I say this not as a complaint, because I need the information these people supply - but the sheer growth in their number, seeking editorial coverage, means that most will be ignored most of the time, just because there are never enough stories to use them all.
For example, here are some statistics from my online contacts book:
I now routinely circulate 271 PR contacts directly involved in promoting 91 estate agencies, 29 buying agents, 31 housebuilders and another dozen property consultancies of one kind or another;
In addition, I occasionally circulate 33 other contacts who are buying agents, estate agents, developers or ‘pundits’ who handle their own relations with journalists.
And don’t forget - I don’t write about some aspects of property, like interiors or architecture, so those numbers above could be easily increased further if I wrote on those areas, too. Likewise, I deal almost exclusively in residential property, not commercial, so again the numbers could rise further should I spread my journalistic wings.
In itself this proves nothing, except that people need to do more to make themselves stand out from the rest to draw the attention of journalists in a crowded marketplace - and it is likely to be a busier marketplace if, as I believe to be happening, advertising improves a little, and the online and print property publications get a little fatter in the next few weeks.
‘Standing out’ does not mean increasingly eccentric or weird angles (although sometimes that does, of course, create a story). But it often means providing solid research to back up statements. Last week’s debate over the mansion tax was a good case in point.

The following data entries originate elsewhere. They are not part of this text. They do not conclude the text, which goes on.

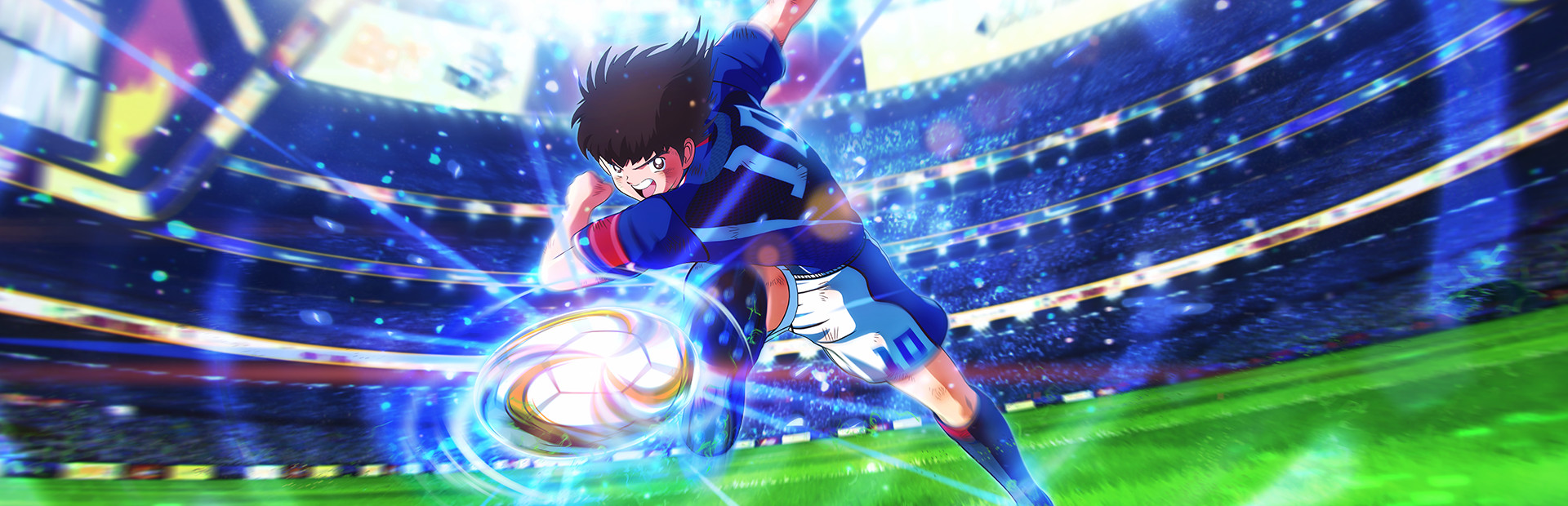 Captain Tsubasa: Rise of New Champions Việt Hóa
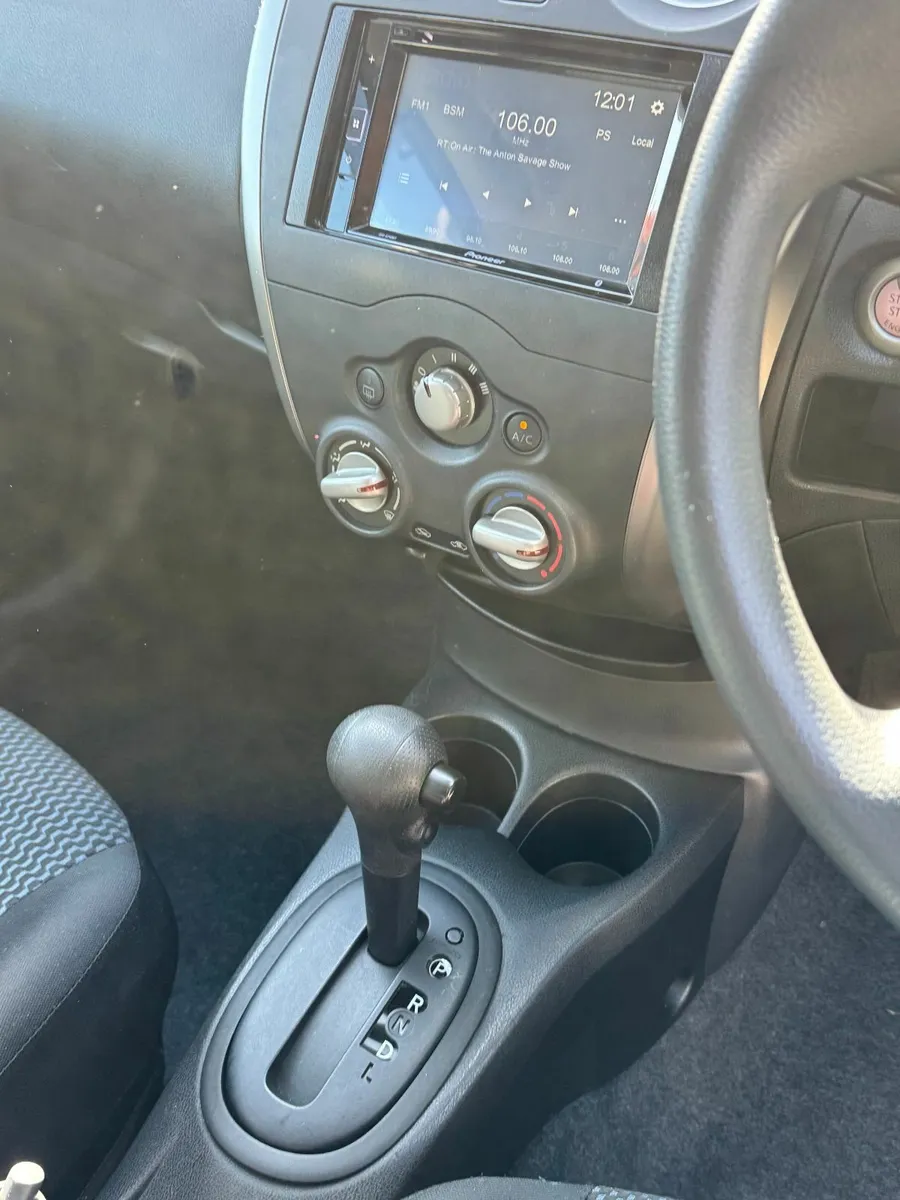 2016 Nissan Note – Automatic, Silver – Lady Owner - Image 3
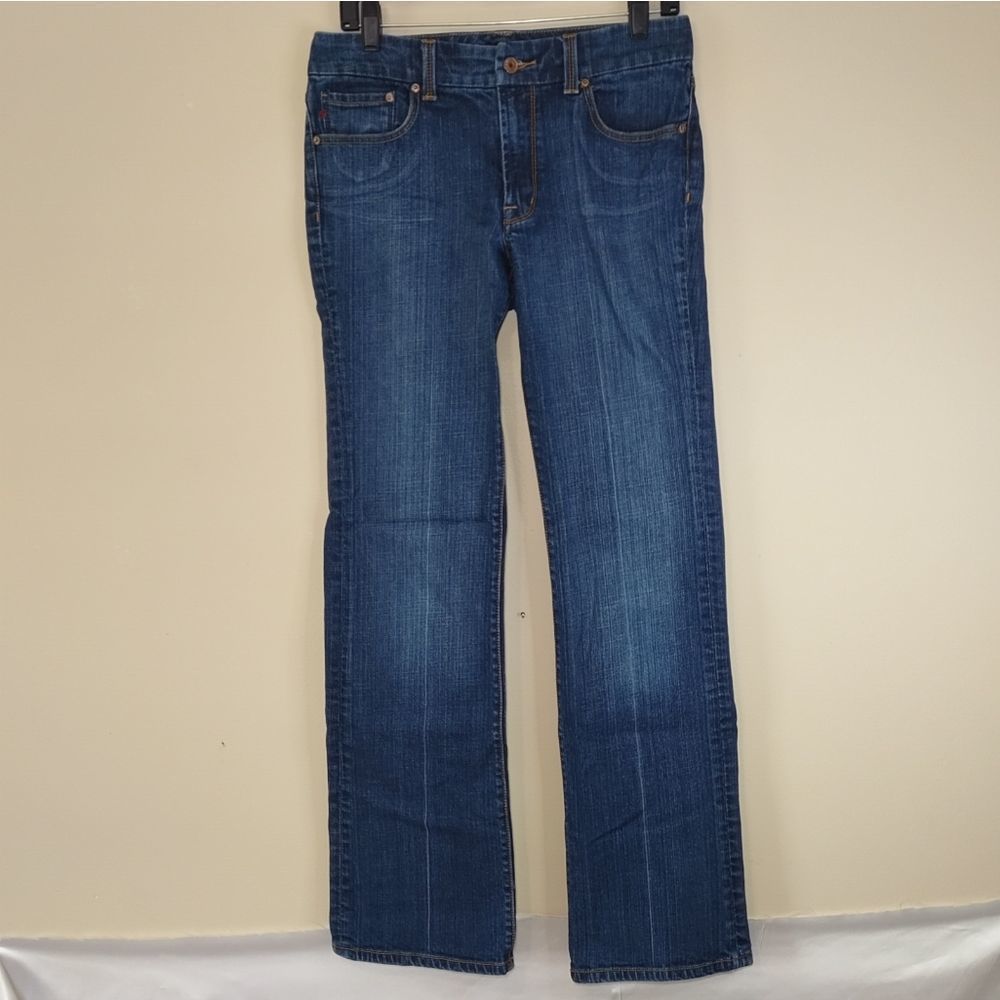 Seven 7 boot cut jeans size 6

Over seven days I received 21 emailed press releases from different property agents or pundits, all about the possible Coalition government mansion tax - all criticising it. Six of the releases even had a roughly similar intro (criticising Vince Cable and estimating the value of his home).
Most property journalists will have received the same releases, yet my survey of the press shows only a few were ever used, because they backed up their opposition with solid research (Savills and Knight Frank were the most used, predictably, for this very reason).
So if sometimes the same old names and voices appear, despite the plethora of people willing to comment, that may be the explanation.